Your intuition might be that in each of the worlds, downloads and ratings would be distributed roughly evenly among the songs, or at least the songs that were "good enough" according to their merit score, with higher-merit songs getting a bump. But that intuition turns out to be wildly wrong. In the author's words: "T]he 'best' songs never do very badly, and the 'worst' songs never do extremely well, but almost any other result is possible." Some songs that spiked to superstardom in one world would fizzle completely in all of the others. What appeared to happen is that if some critical mass of people happened to like a song in one world, then they would recommend it to other friends in the same world, who would see that the song was already popular and would be more inclined to check it out and in turn recommend it to more users, creating a snowball effect that we could call the "pile-on lottery", or the "Salganik effect".

The eerie implication, of course, is that we're living in one of those "artificial worlds" -- where the songs, beliefs, individuals, and products have spiked to "superstardom" did so as a result of a random process separate from any independent measure of their "merit". The things that broke through to superstardom all had to be "good enough" to be eligible for the pile-on lottery, but not the "best".

The Salganik study was a smoking gun, but there was always circumstantial evidence toward this conclusion as well:

  • There is the fact that "investors" (and even with a few thousand dollars of their own money to spend) are generally unwilling to front up the money for talented people to become "influencers" or social media personalities, in the hopes of recouping the investment from future profits. (Even if you cynically thought that a particular influencer became rich mainly because "she's pretty", that would still lead to investors seeking out pretty people and paying for them to become influencers and recouping the profits later.) The most straightforward explanation is that there is an element of luck involved, which makes it too risky for an investor to front up the costs for someone to become an influencer.

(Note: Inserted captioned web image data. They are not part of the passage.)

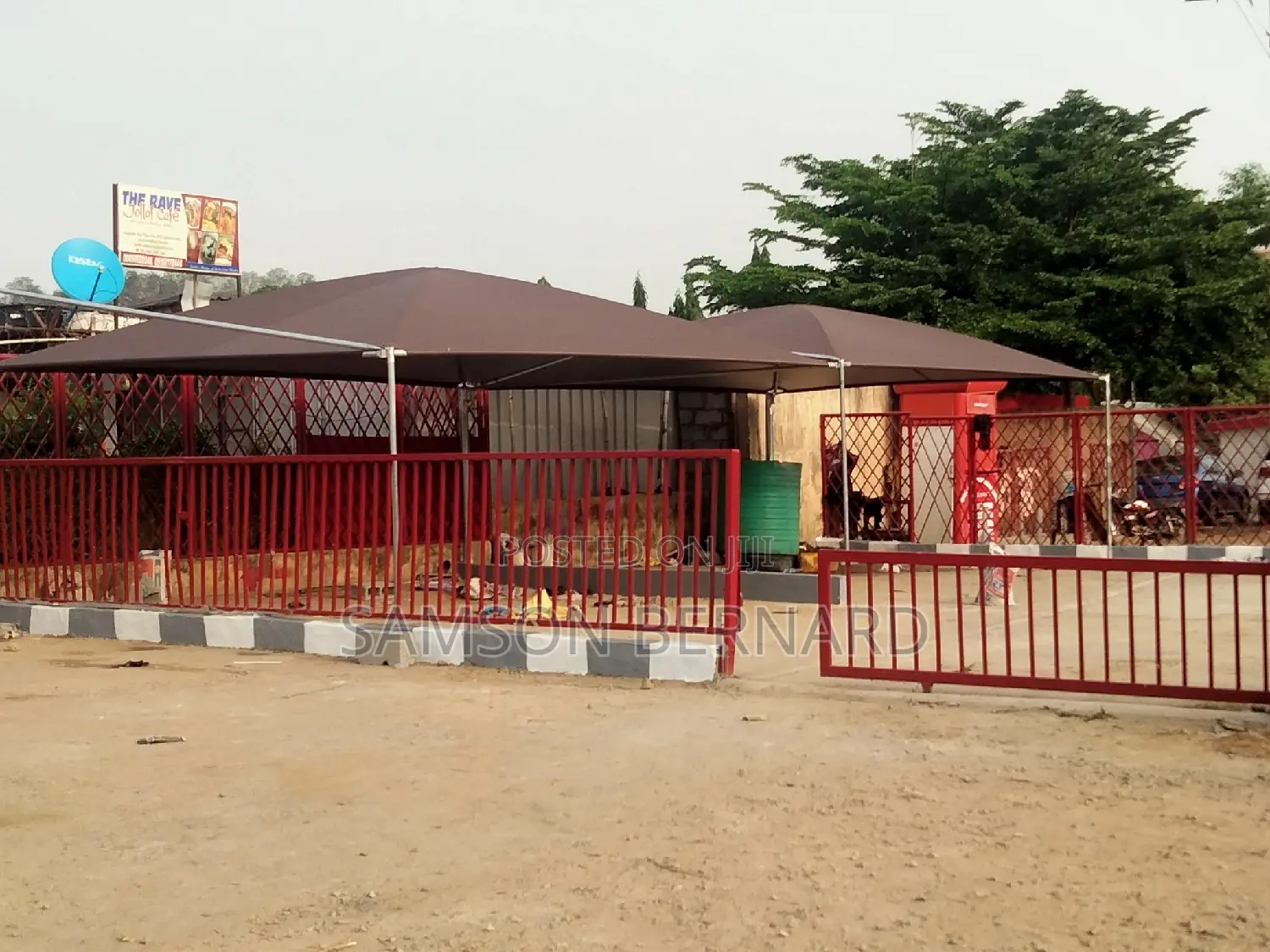 Quality Fabricated Shade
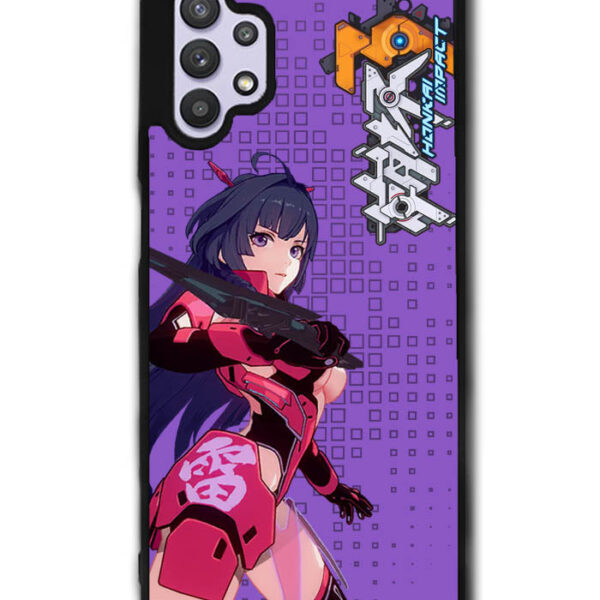 Raiden Mei Honkai Impact Samsung Galaxy A32 5G Case CT5088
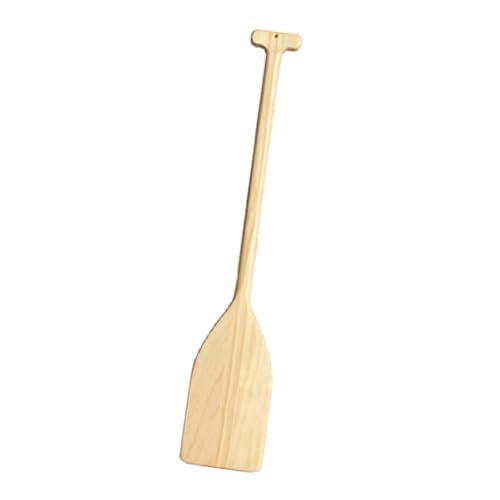 Dickly Holzpaddelboot -Paddel 80 cm Boots -Ruderholzpaddel für Außenpooldekoration, Holzfarbe Dickly Holzpaddelboot -Paddel 80 cm Boots -Ruderholzpaddel für Außenpooldekoration, Holzfarbe von Dickly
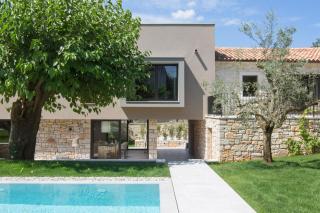 Modern Villa Melon with outdoor pool in Porec - Kirmenjak - 0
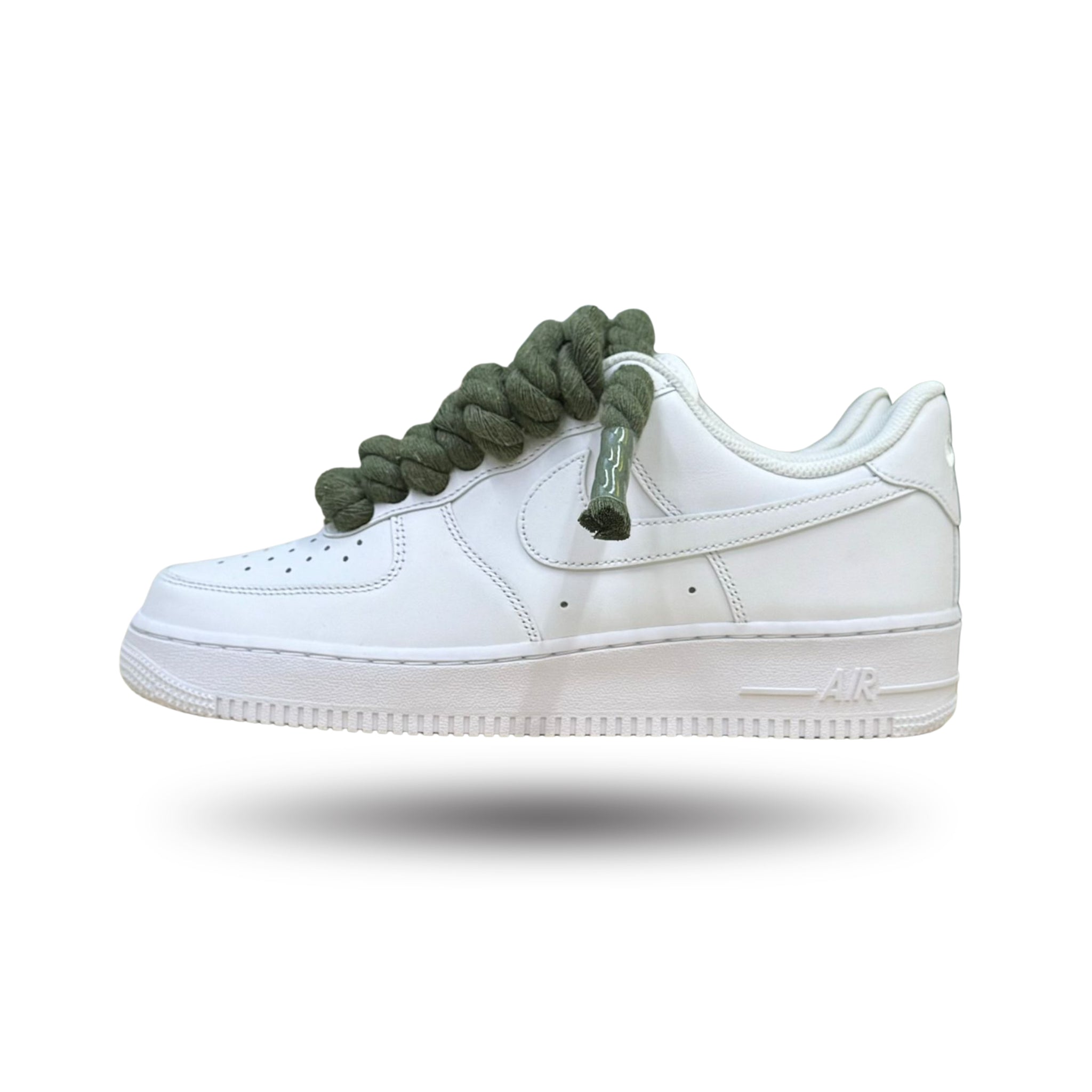 Snezed AIR FORCEROPE LACES VERDE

  • Common sense should suggest that in the real world, if two songs are available online and both are reasonably good quality, but one of them has 100 million plays and the other has only 100, that's not really a reflection of the percentage of people who would prefer the first song over the other.

Conversely, there are a number of fallacies that might lead a person to underestimate the role that the "pile-on lottery" plays in social media (and other areas of life):

  • Survivor bias -- you've heard of the person who nurtured their talents and spent 12-hour days creating content, and attained a large following. But if someone else developed the same talents and produced content that would have scored just as well in a double-blind rating, but they didn't happen to attain the same large following, by definition you are less likely to have heard of them.
  • Fundamental attribution error -- the fallacy that an outcome attained by a "thing" (whether a person, an idea, a social media post) is the result of attributes of that "thing" (as opposed to external circumstances, or randomness).
  • Hindsight bias -- the tendency to believe that, if a "thing" is successful (or not successful), that you "saw it coming" in advance, based on the attributes that you think led to the success or failure.

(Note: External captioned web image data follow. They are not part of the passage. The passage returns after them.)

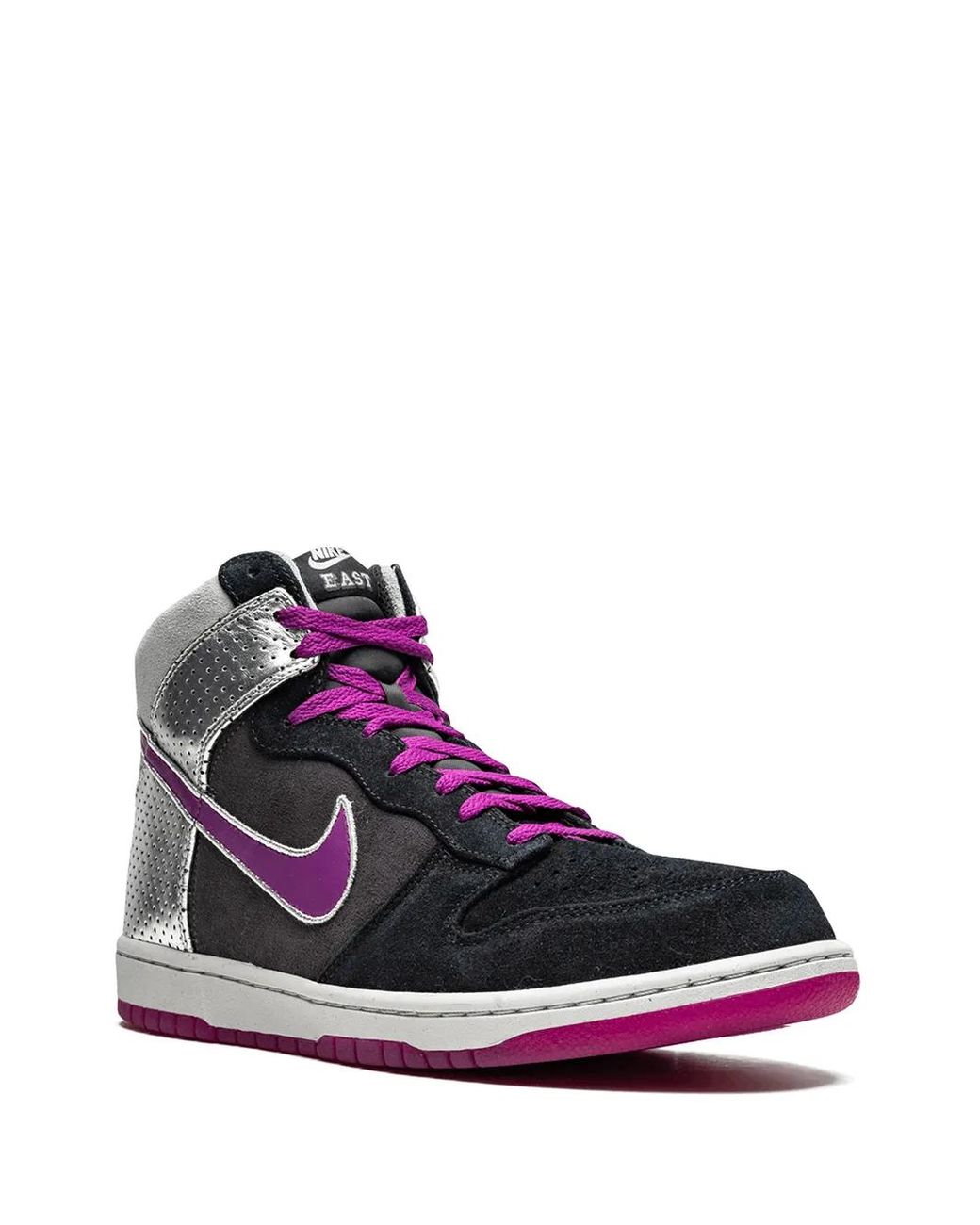 Nike Brown Dunk High-Top Sneakers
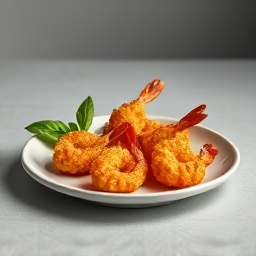 Panko Breaded Shrimp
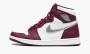 Bordeaux Wit Metal Zilver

Pile-on lottery vs. network effects (the "rational pile-on effect")

Economists have long understood the "network effect", where users are incentivized to use the same product that everyone else is using, because the more other people are using it, the more useful it is. Obvious examples would be PayPal and Venmo (you can only send money to other people who are using the same platform), and social media sites like Facebook and Instagram. This could be considered a "rational pile-on effect" because it makes sense to use the same product that everyone else is using.

By contrast, the "pile-on lottery" that took place in the Salganik experiments is less intuitive. If you are sitting in a room by yourself choosing songs to listen to, there is no particular benefit to listening to the same song as lots of other people -- and yet the Salganik experiment shows that's what happens anyway (even though there's a lot of randomness in which songs become popular, so that which "popular song you are listening to" depends on which of Salganik's artificial worlds you happen to be in).

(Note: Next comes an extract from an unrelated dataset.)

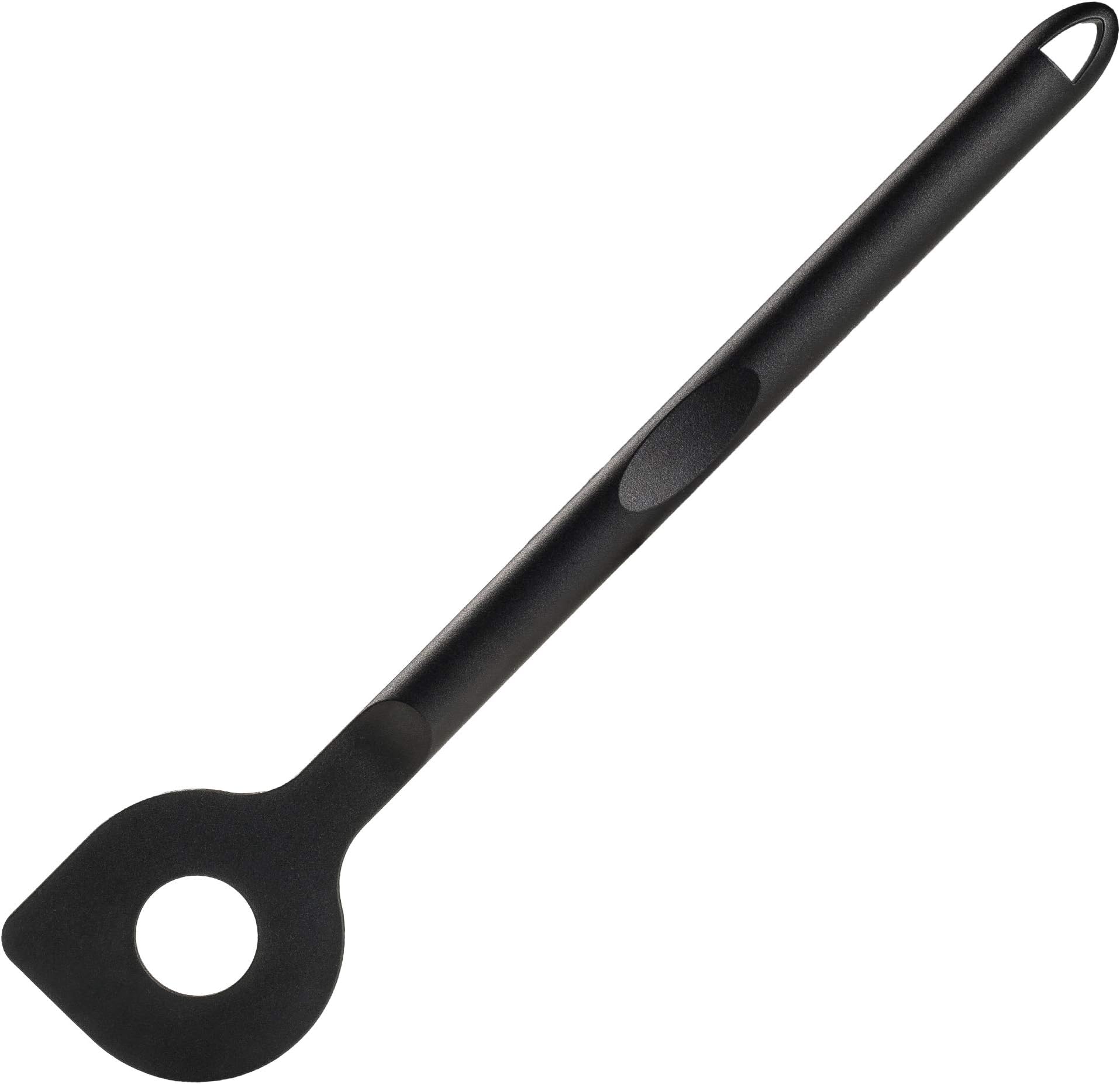 Cooking Spoon: Polyphthalamide 270°C Premium Line 30.5 cm, Hangable, Dishwasher Safe, Made in Germany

Reconciling with Econ theory

The pile-on lottery is also counterintuitive because it appears to contradict the lessons of Economics 101 -- if a seller has a product that a buyer wants to buy at a mutually agreed price (where the "seller" is a social media creator and the "buyer" is a user paying with their attention), then in Econ 101 theory the "sale" will always take place, unless either the buyer or seller finds a better deal elsewhere. If post X and post Y both exist on Instagram, and in a double-blind test, 60% of users prefer post X and 40% prefer post Y, then in Econ 101 it makes no sense that post X would have 100,000 views and post Y would only have 10.

The difference is that in Econ 101 theory, the cost of sorting through your options is considered negligible compared to the cost of taking action (making a purchase):

[cost of sorting options] << [cost of taking action]
e.g. in a standard textbook Econ 101 problem, if a bag of apples costs $10 at one store and $12 at another store, the cost to the buyer of sorting through options (driving between stores to compare prices, comparing the quality of the apples to make sure they are really comparable, etc.) is considered to be $0 (and the buyer will always buy the $10 bag instead of the $12 bag). Obviously the cost of sorting options is never truly $0, but as long as this assumption holds approximately true, then the assumptions of Econ 101 will be a useful approximation of reality, such as the "Law of One Price", which states that in a free market, the price of similar goods will be about equal (because if people can sort through options with $0 effort, nobody will ever pay the higher price for an identical good). In reality, a laptop in one store might cost $1,000 while a very similar laptop in a store in the same city might cost $1,100, because a buyer might not consider it worth $100 worth of effort to drive between two stores and compare all the options. But it would be rare to see the same laptop priced at $3,000.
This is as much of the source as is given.